Brian Daboll building from ground up
Of the 90 players currently on Buffalo’s roster, just 30 were with the team last season. Key starters like quarterback Tyrod Taylor along with offensive linemen Cordy Glenn, Richie Incognito and Eric Wood are gone, replaced with low-cost free agents or young and inexperienced rookies. Despite all of the roster turnover, Buffalo’s offense is hard to get behind when looking at the unit on paper. The skill position groups are vastly unproven outside of star running back LeSean McCoy and wide receiver Kelvin Benjamin, while the quarterback situation remains a mystery.
During the offseason, Buffalo traded Tyrod Taylor and added AJ McCarron in free agency, before trading up to select Josh Allen with the No. 7 overall pick in the draft. Allen and McCarron join Nathan Peterman – the team’s fifth-round selection a year ago – are all young, inexperienced players who are competing for the starting job. McCarron won three National Championships during his collegiate career at Alabama but spent the previous four seasons as Andy Dalton’s backup with the Cincinnati Bengals.

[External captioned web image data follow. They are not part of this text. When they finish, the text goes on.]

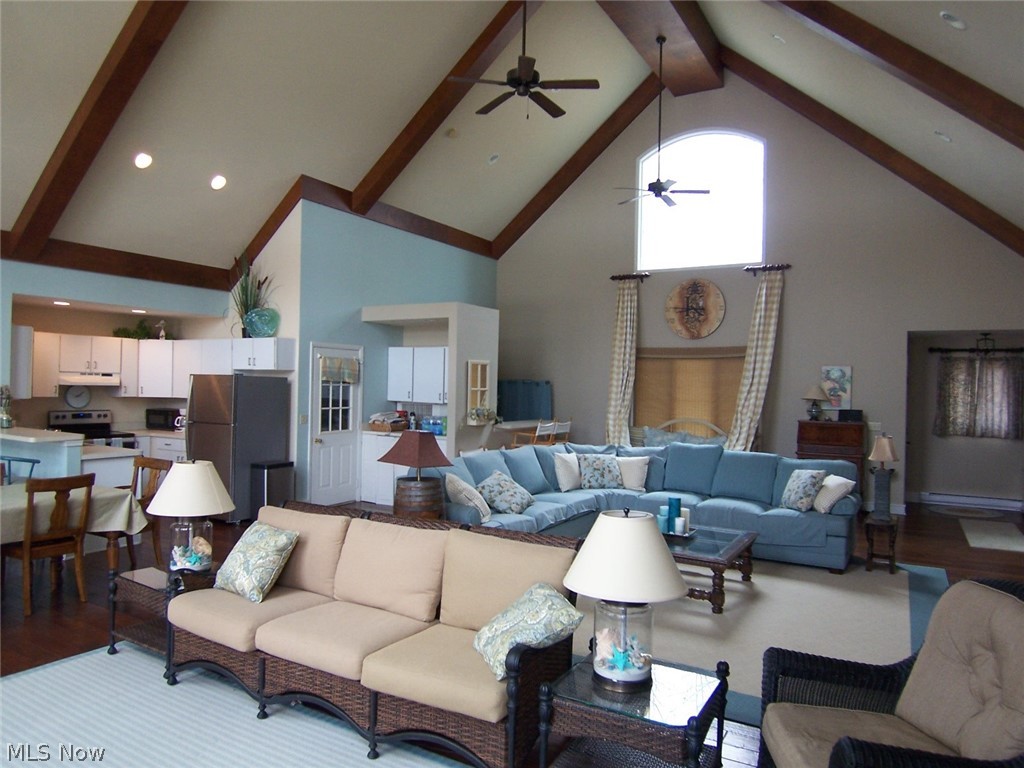 Roaming Rock - Residential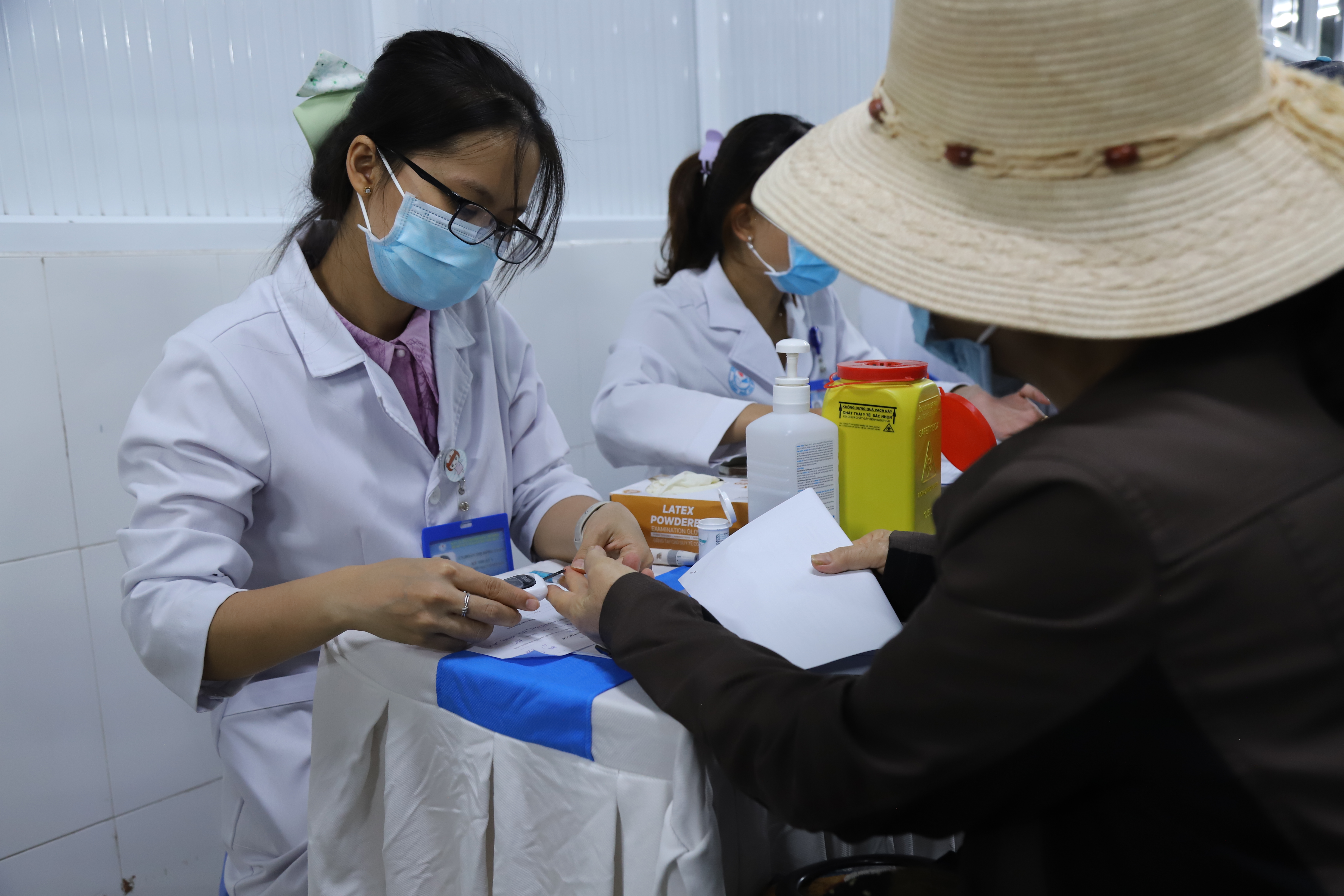 Bác sĩ trẻ Bác sĩ trẻ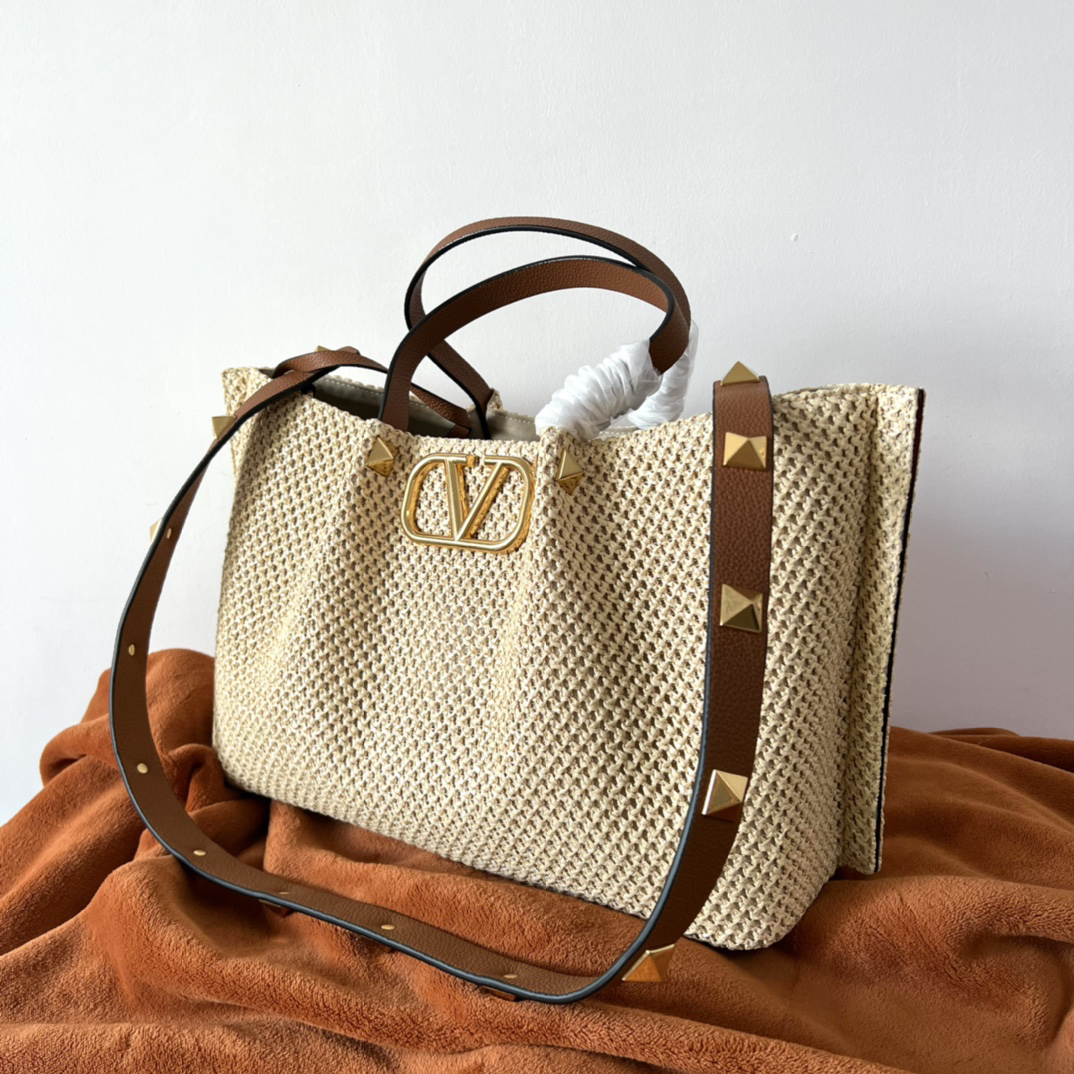 ヴァレンティノ「Valentino」ラフィア編みレザーハンドルトートバッグ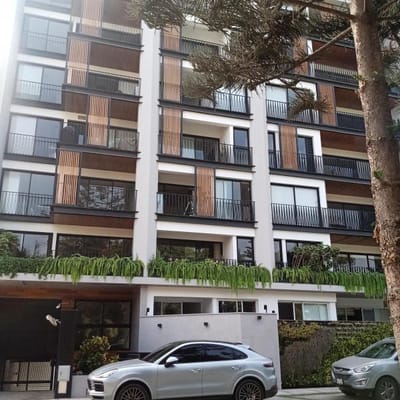 Bello dplex frente a parque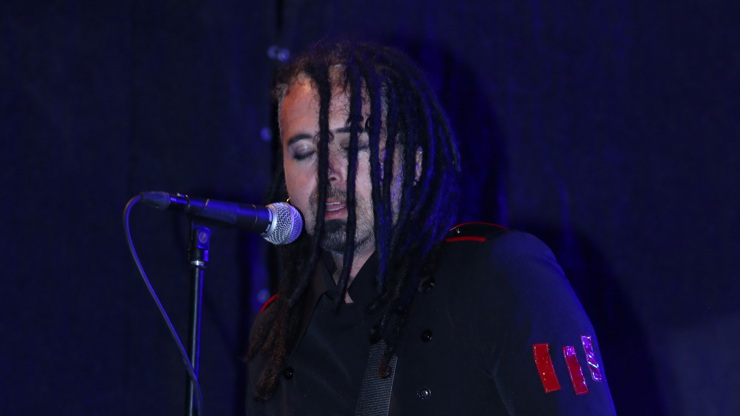 Kytarista Pepa Bolan byl v Burundi dvakrát zatčený.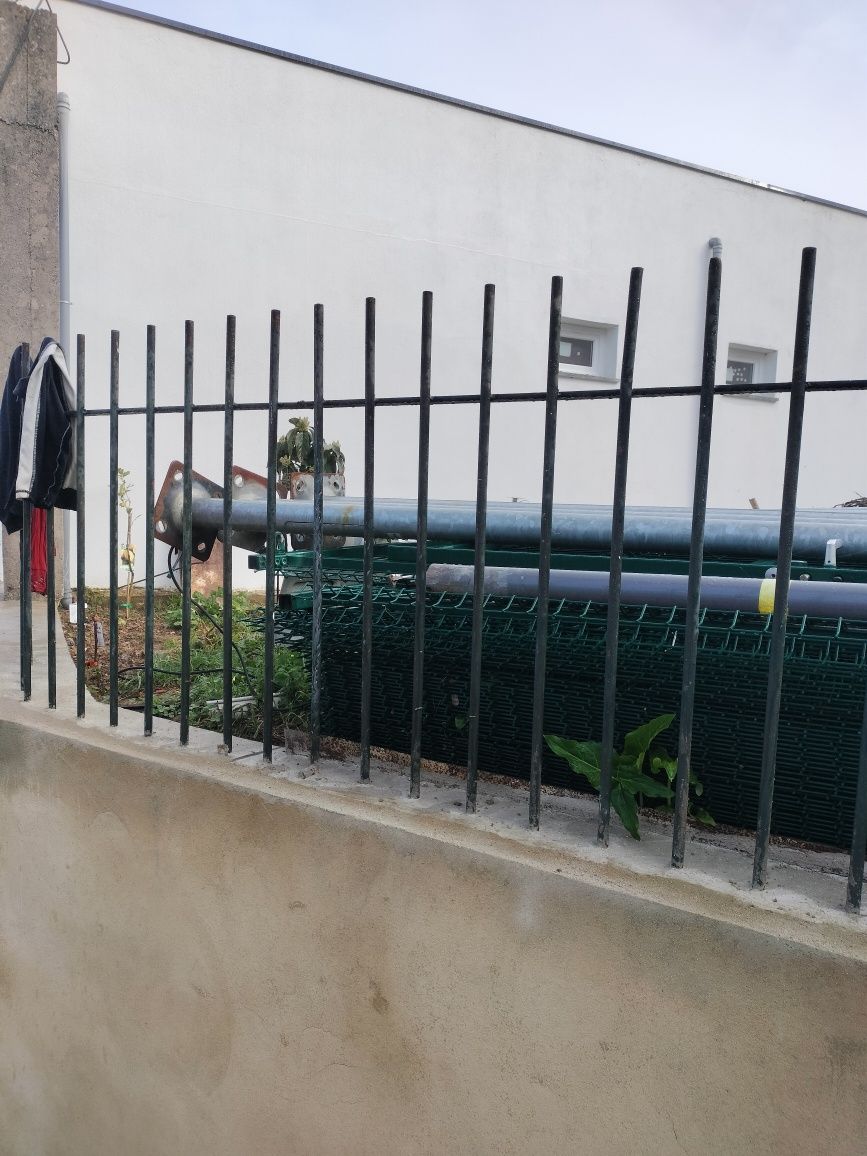 Painéis de rede metálica lacada verde
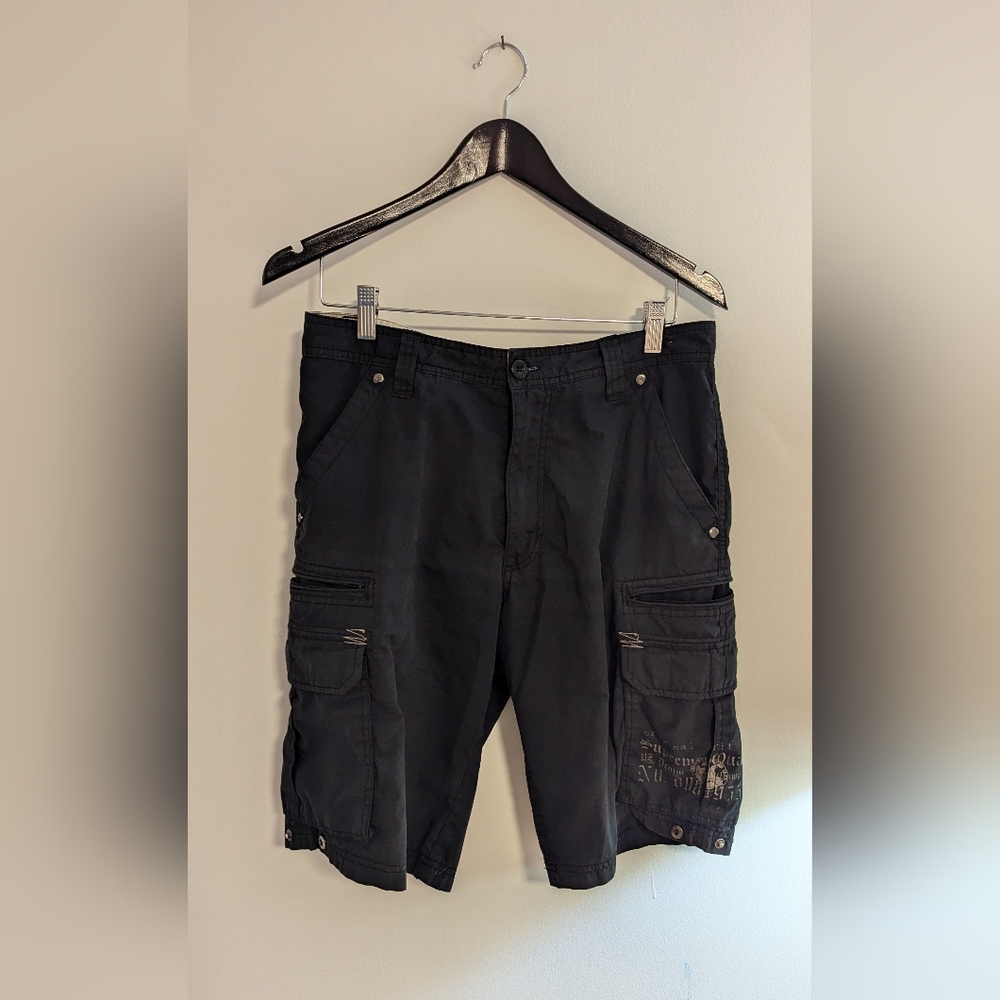 Point Zero Black Cargo Shorts - Men's Size 32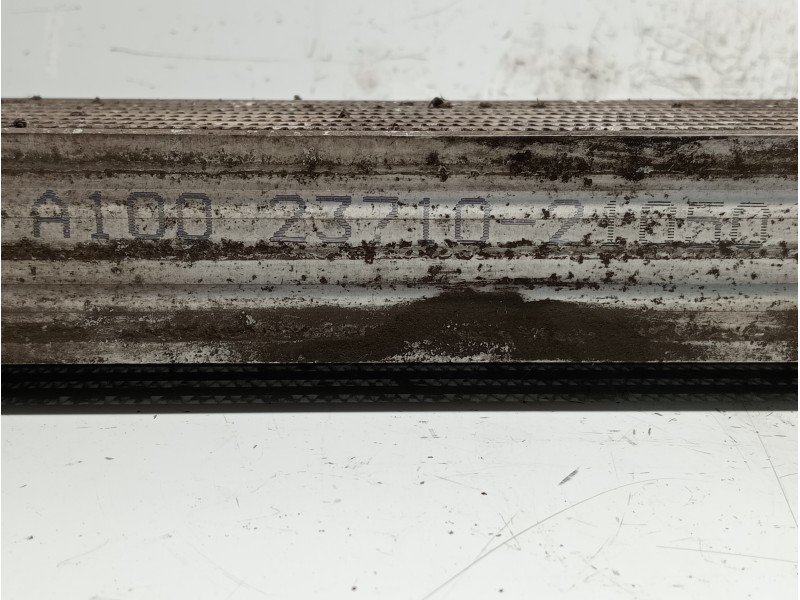 Recambio de intercooler para ssangyong rodius xdi referencia OEM IAM A1002371021050  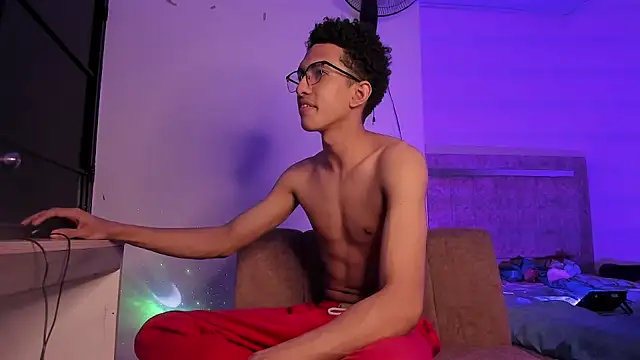 Snapshot of Cj_davis_ chatting on September 30, 2025, 4:07 am Cj davis online show from September 30, 2025, 4:07 am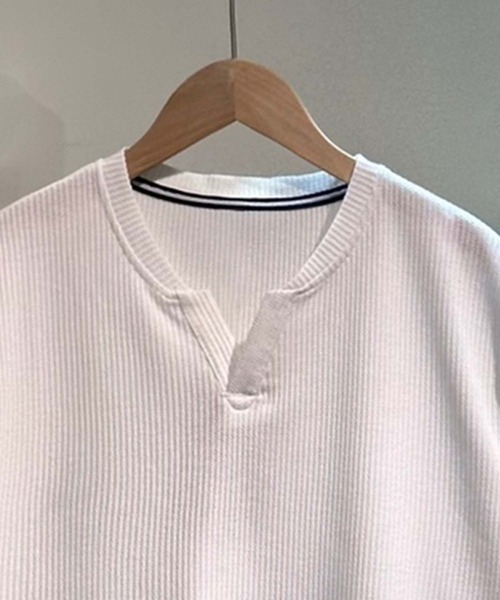 aimoha(アイモハ)の「aimoha MEN リラックススリットネックT (SS)(Tシャツ/カットソー・メンズ・ブラック/ホワイト/ワインレッド・LARGE/X-LARGE/XX-LARGE/XXX-LARGE)」の4枚目の写真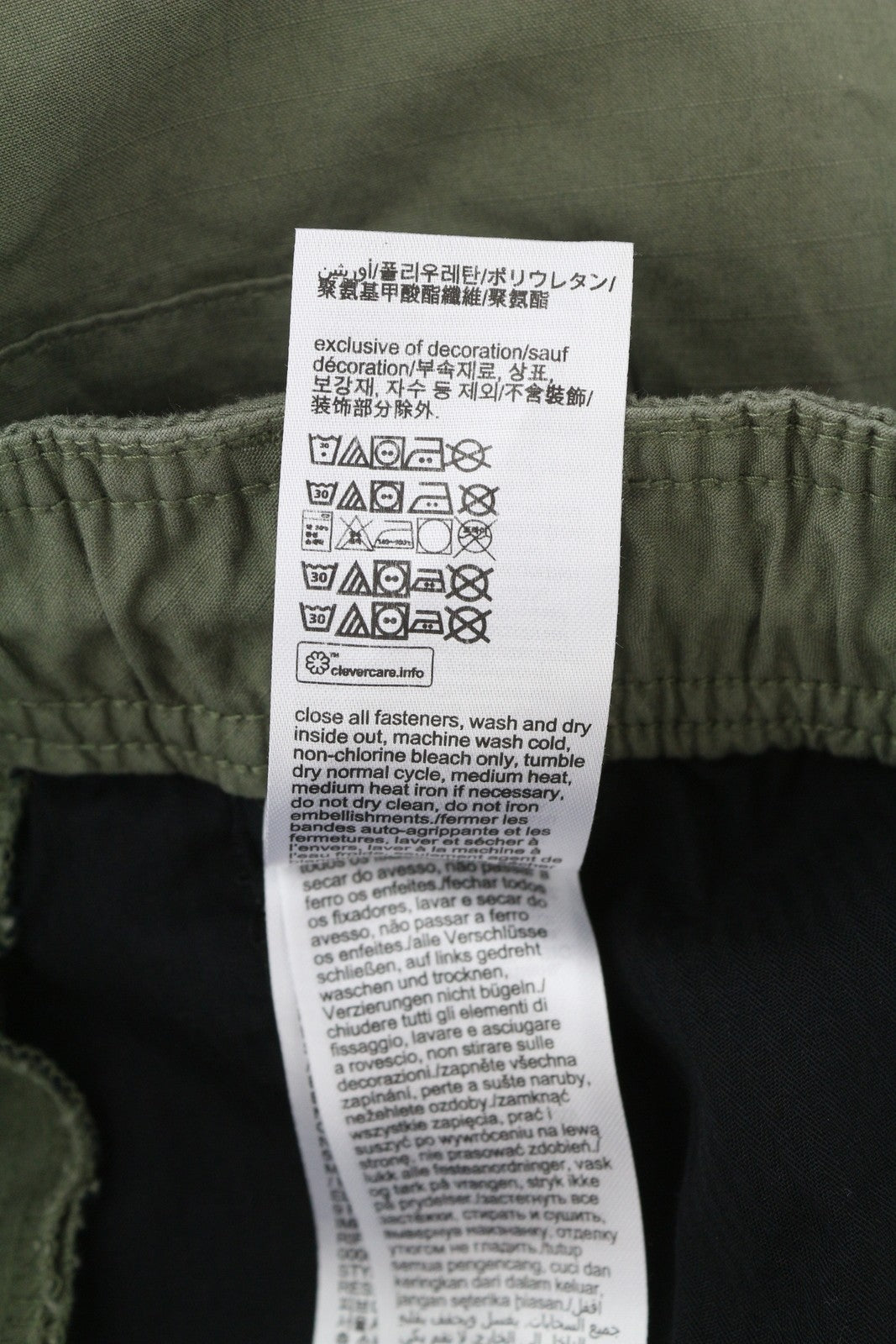 CALVIN KLEIN Essential Regular vyriškos kelnės XS žalios su elastingu juosmeniu ir logotipu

Nathan Peterman got the opportunity to start last year when Tyrod Taylor was benched, but he had one of the worst showings in NFL history, throwing five interceptions in the first half in a loss to the Los Angeles Chargers. He finished the season with a 49-percent completion rate in four games. He threw for 252 yards, averaging 5.1 yards-per-attempt, tossing two touchdowns and five picks.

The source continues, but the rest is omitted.